What you return must be the lines from the first one below through the one containing "Platinum Men's Round", exactly and with pictures excluded.

-- Data excerpt follows --

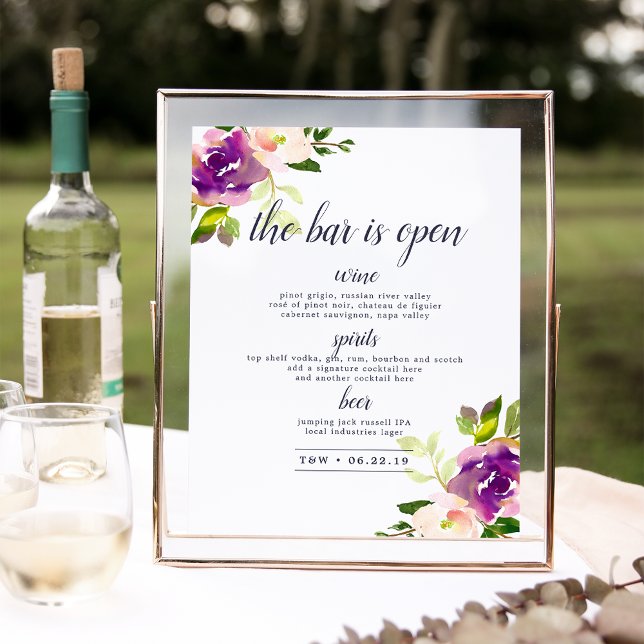 Vibrant Bloom Wedding Bar Menu Sign (Creator Uploaded)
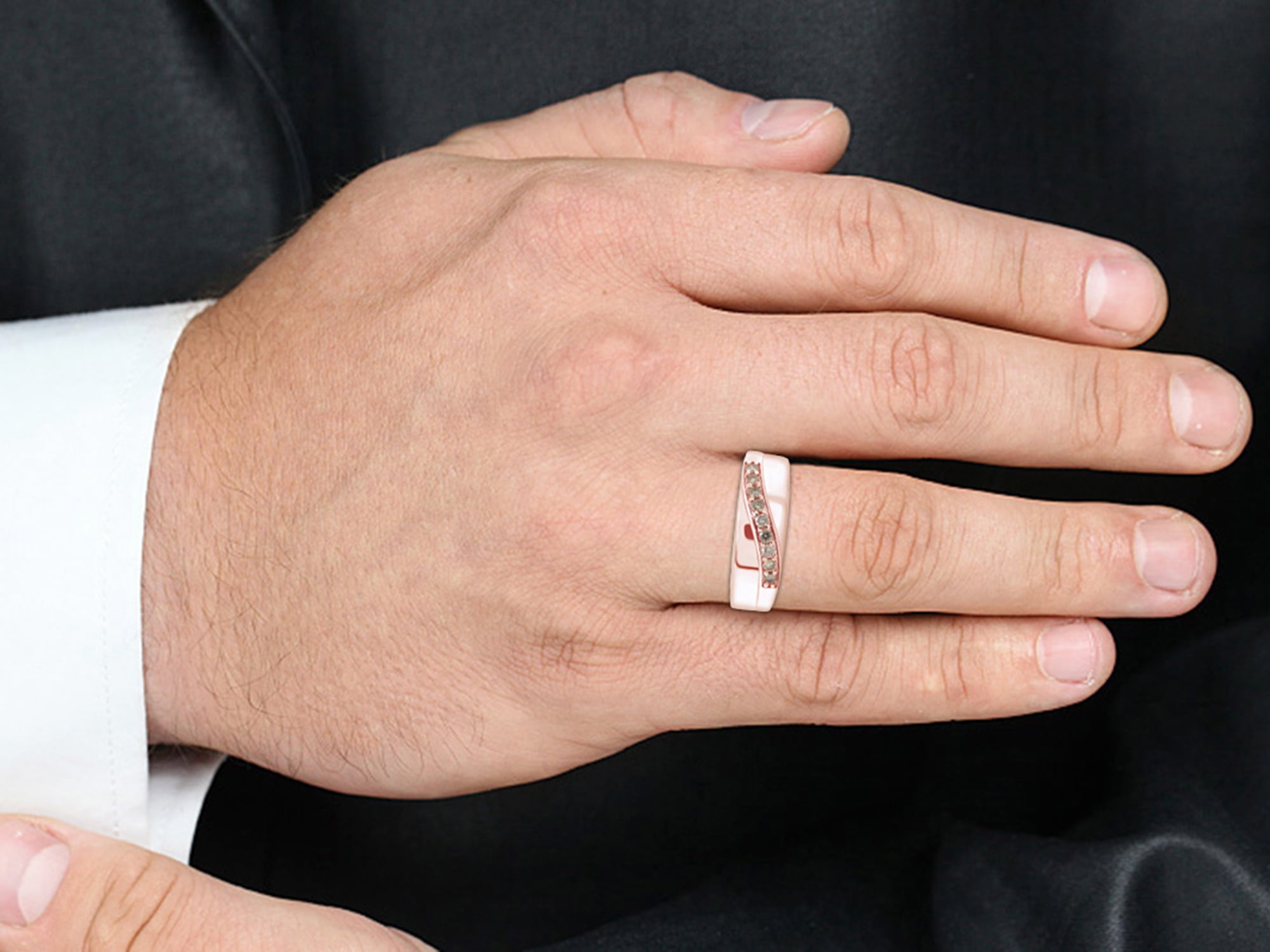 Platinum Men's Round Brown Diamond Bezel set Stud Earrings (1/4 並行輸入品 Order 0.348 Carat Round cut 950 Platinum Brown Diamond Men\u0027s Ring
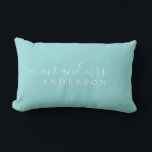 Chic Script Mr Mrs Bright Blue Newlywed Monogram Lumbar Cushion<br><div class="desc">Chic, modern monogram turquoise blue pillow with the text Mr and Mrs in white elegant script. Simply add your married name. Perfect luxury gift for the newlywed couple. Exclusively designed for you by Happy Dolphin Studio. If you need any help or matching products please contact us at happydolphinstudio@outlook.com. We're happy...</div>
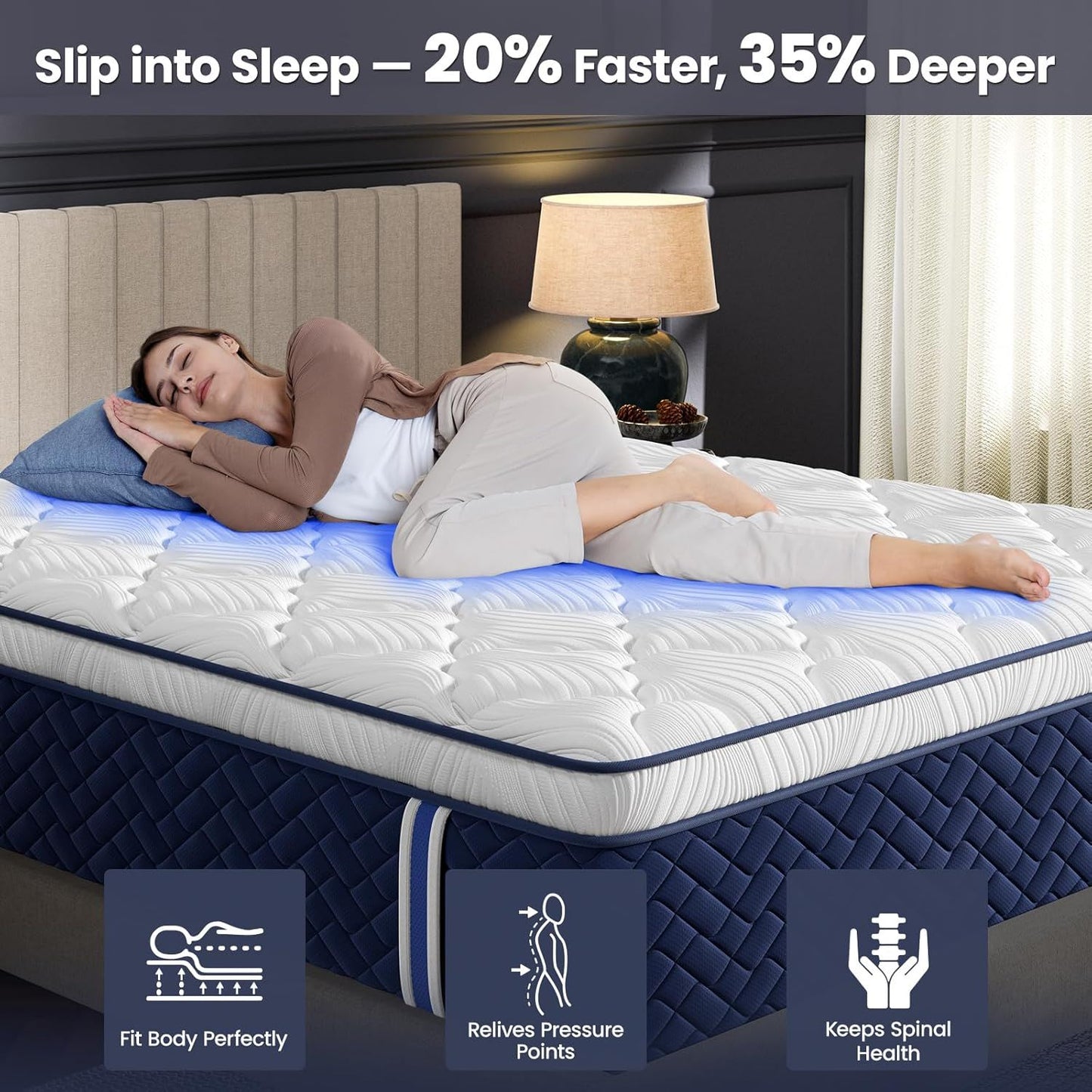 Rresta Hotel Collection - 12" Medium Firm Hybrid Mattress With 5 Zone Support For Back & Hip Relief, Fiber Free, Certipur Us Certified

-- Data excerpt concluded --

Response for this exercise:
 Vibrant Bloom Wedding Bar Menu Sign (Creator Uploaded)
 Platinum Men's Round Brown Diamond Bezel set Stud Earrings (1/4 並行輸入品 Order 0.348 Carat Round cut 950 Platinum Brown Diamond Men\u0027s Ring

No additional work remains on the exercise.